Enquanto levanto para lavá-los e colocá-los de molho, penso na lista de compras e repasso mentalmente, Feijão, Arroz, Azeitonas, Alho, Árvore.
A boca diz Árvore sem mais nem menos. A árvore veio de um lugar do passado e caiu dentro da praticidade do meu dia. Surgia na moldura de uma janela de onde pendiam, lado a lado, cortinas transparentes a balançarem ao vento.
Afasto a lembrança e pego lápis e caderno para fazer a lista. A árvore retorna, agora em meio a um nevoeiro. Um dia, na infância, uma árvore seca no céu, na contraluz da manhã. Depois percebi, era a fumaça de uma queimada que parecia uma árvore. Duas imagens reais. A árvore que existia onde havia o vazio e o vazio onde não existia árvore.
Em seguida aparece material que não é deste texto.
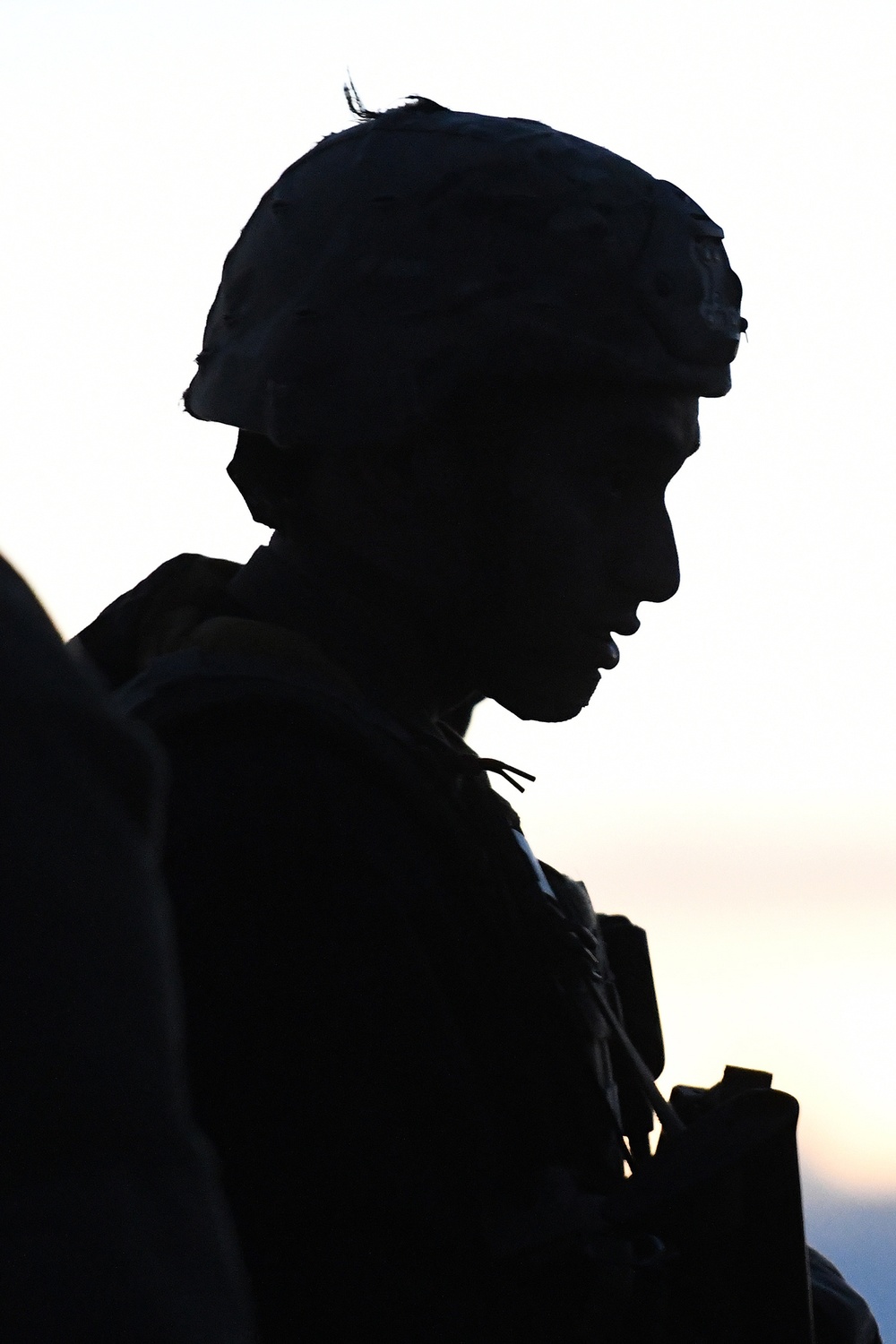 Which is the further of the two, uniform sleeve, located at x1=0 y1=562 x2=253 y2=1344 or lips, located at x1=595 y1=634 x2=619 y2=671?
lips, located at x1=595 y1=634 x2=619 y2=671

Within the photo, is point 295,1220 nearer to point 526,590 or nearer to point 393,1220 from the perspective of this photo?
point 393,1220

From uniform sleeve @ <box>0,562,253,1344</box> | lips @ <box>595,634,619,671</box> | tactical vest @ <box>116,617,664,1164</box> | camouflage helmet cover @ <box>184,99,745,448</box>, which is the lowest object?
uniform sleeve @ <box>0,562,253,1344</box>

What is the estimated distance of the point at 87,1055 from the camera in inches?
49.8

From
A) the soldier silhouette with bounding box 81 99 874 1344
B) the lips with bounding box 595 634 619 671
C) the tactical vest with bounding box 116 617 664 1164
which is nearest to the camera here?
the soldier silhouette with bounding box 81 99 874 1344

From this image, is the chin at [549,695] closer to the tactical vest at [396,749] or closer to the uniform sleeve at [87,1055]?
the tactical vest at [396,749]

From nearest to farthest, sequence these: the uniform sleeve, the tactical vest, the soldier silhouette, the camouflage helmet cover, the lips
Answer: the uniform sleeve, the soldier silhouette, the tactical vest, the camouflage helmet cover, the lips

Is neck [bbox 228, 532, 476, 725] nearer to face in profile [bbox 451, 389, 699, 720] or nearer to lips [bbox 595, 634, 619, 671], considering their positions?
face in profile [bbox 451, 389, 699, 720]

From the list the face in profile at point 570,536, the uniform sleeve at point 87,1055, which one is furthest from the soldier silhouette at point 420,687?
the uniform sleeve at point 87,1055

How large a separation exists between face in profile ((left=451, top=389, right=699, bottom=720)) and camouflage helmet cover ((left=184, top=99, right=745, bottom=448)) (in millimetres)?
82

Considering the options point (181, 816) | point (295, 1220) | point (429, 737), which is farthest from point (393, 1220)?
point (429, 737)

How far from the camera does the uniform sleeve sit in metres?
1.22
Guardei para sempre a lembrança. Era como se um ínfimo grão de mistério, delicado e quase invisível, tivesse me encontrado.
Retornei à lista. Comecei devagar, atenta ao arranhar do lápis, ao circular do ‘a’, ao ondular do til. Sentia-me longe das obrigações. Não que não goste de cuidar da casa. Gosto e, mais ainda, do ir e vir contínuo e repetitivo, do vazio cheio de coisas em que mergulho quando estou imersa nos afazeres domésticos.
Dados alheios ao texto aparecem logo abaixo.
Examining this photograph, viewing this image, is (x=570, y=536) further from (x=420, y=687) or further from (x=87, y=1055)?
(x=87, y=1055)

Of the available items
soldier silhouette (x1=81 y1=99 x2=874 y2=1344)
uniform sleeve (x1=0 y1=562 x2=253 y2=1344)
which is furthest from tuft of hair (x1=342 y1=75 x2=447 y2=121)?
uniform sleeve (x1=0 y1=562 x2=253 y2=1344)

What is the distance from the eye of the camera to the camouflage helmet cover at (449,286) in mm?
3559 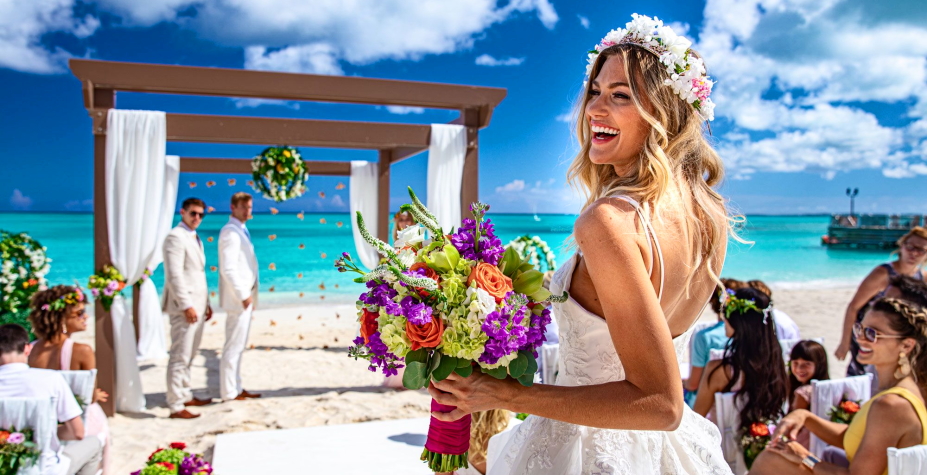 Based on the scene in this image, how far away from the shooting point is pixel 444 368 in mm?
1234

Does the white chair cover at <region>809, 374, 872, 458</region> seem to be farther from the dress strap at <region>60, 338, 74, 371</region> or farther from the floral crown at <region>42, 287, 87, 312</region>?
the floral crown at <region>42, 287, 87, 312</region>

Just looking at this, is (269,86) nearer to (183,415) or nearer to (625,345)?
(183,415)

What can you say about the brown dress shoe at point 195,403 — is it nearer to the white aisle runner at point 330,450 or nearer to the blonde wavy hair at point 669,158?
the white aisle runner at point 330,450

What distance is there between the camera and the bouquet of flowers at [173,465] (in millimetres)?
2930

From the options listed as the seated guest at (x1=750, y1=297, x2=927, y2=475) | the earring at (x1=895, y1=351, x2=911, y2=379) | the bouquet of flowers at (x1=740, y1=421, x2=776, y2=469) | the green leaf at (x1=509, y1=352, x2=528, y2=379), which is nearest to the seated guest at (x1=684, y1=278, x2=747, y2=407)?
the bouquet of flowers at (x1=740, y1=421, x2=776, y2=469)

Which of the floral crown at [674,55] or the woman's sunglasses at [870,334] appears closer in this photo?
the floral crown at [674,55]

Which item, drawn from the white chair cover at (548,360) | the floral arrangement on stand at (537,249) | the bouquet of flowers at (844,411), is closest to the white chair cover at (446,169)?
the floral arrangement on stand at (537,249)

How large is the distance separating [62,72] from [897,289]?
5661 cm

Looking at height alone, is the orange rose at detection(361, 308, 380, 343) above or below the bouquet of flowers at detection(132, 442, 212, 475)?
above

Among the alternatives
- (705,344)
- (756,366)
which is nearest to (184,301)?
(705,344)

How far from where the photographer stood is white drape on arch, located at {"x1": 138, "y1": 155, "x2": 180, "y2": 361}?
258 inches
É um vazio que posso chamar do que quiser, inclusive de Deus. Nele faço uma espécie de reza, pés e mãos a movimentarem-se pela casa, em oração, a afastarem a angústia. O perigo é o não movimento.
Como acontece com os barcos no mar, eu balançava e ondulava. Na lista de compras entrei, da lista de compras saí
Feijão, Arroz, Azeitonas … A linha não escrita espera. A linha não escrita vive da fé. A linha não escrita mora no vazio. A linha escrita pode ser o que quiser.
6 Comments
Que olhar atento para encontrar poesia até numa lista de compras! Mas sim, são esses momentos de epifania, na vida e na literatura, que agem como breves e intensos relâmpagos de compreensão. “A árvore que existia onde havia o vazio e o vazio onde não existia árvore.” – também eu vou guardar esse mistério.
É bem assim, na simplicidade de nossos momentos que o pensamento voa. Feijão escorregando pelos dedos, arvore nascendo no pensamento e sento plantada no papel.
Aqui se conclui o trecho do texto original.